The Romans commonly built tombs for themselves during their lifetime.
Hence these words frequently occur in ancient inscriptions, V.F. Vivus
Facit, V.S.P. Vivus Sibi Posuit. The tombs of the rich were usually
constructed of marble, the ground enclosed with walls, and planted round
with trees. But common sepulchres were usually built below ground, and
called hypogea. There were niches cut out of the walls, in which the
urns were placed: these, from their resemblance to the niche of a
pigeon-house, were called columbaria.

[4] Our blessed Saviour chose the garden sometime for his
oratory, and, dying, for the place of his sepulture; and we also
do avouch, for many weighty causes, that there are none more fit
to bury our dead in than in our gardens and groves where our
beds may he decked with verdant and fragrant flowers.
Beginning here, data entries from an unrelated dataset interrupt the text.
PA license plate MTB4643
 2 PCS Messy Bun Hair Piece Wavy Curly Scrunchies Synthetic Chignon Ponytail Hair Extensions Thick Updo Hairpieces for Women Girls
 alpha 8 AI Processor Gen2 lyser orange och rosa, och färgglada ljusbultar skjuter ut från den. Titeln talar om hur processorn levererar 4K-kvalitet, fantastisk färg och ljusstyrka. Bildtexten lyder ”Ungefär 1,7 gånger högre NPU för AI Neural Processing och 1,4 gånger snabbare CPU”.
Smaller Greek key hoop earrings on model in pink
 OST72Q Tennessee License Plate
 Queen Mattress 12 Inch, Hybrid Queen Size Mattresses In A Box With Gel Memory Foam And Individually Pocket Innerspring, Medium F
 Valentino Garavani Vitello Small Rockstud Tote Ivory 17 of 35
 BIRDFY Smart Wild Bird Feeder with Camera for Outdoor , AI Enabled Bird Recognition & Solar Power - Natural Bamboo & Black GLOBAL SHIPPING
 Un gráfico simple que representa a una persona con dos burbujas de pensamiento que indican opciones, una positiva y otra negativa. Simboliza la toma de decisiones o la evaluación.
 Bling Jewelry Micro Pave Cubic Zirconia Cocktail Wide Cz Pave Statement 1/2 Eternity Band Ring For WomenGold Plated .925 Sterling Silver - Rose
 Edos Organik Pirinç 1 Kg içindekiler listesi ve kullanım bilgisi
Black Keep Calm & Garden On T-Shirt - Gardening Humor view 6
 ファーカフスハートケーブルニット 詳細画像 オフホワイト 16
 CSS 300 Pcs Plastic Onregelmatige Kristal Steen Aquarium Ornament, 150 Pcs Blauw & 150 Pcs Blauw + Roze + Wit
Trees and
perennial plants, the most natural and instructive hieroglyphics
of our expected resurrection and immortality, besides what they
might conduce to the meditation of the living, and the taking
off our cogitations from dwelling too intently upon more vain
and sensual objects: that custom of burying in churches, and
near about them, especially in great and populous cities, being
both a novel presumption, indecent, and very prejudicial to
health.--_Evelyn's Discourse on Forest Trees_.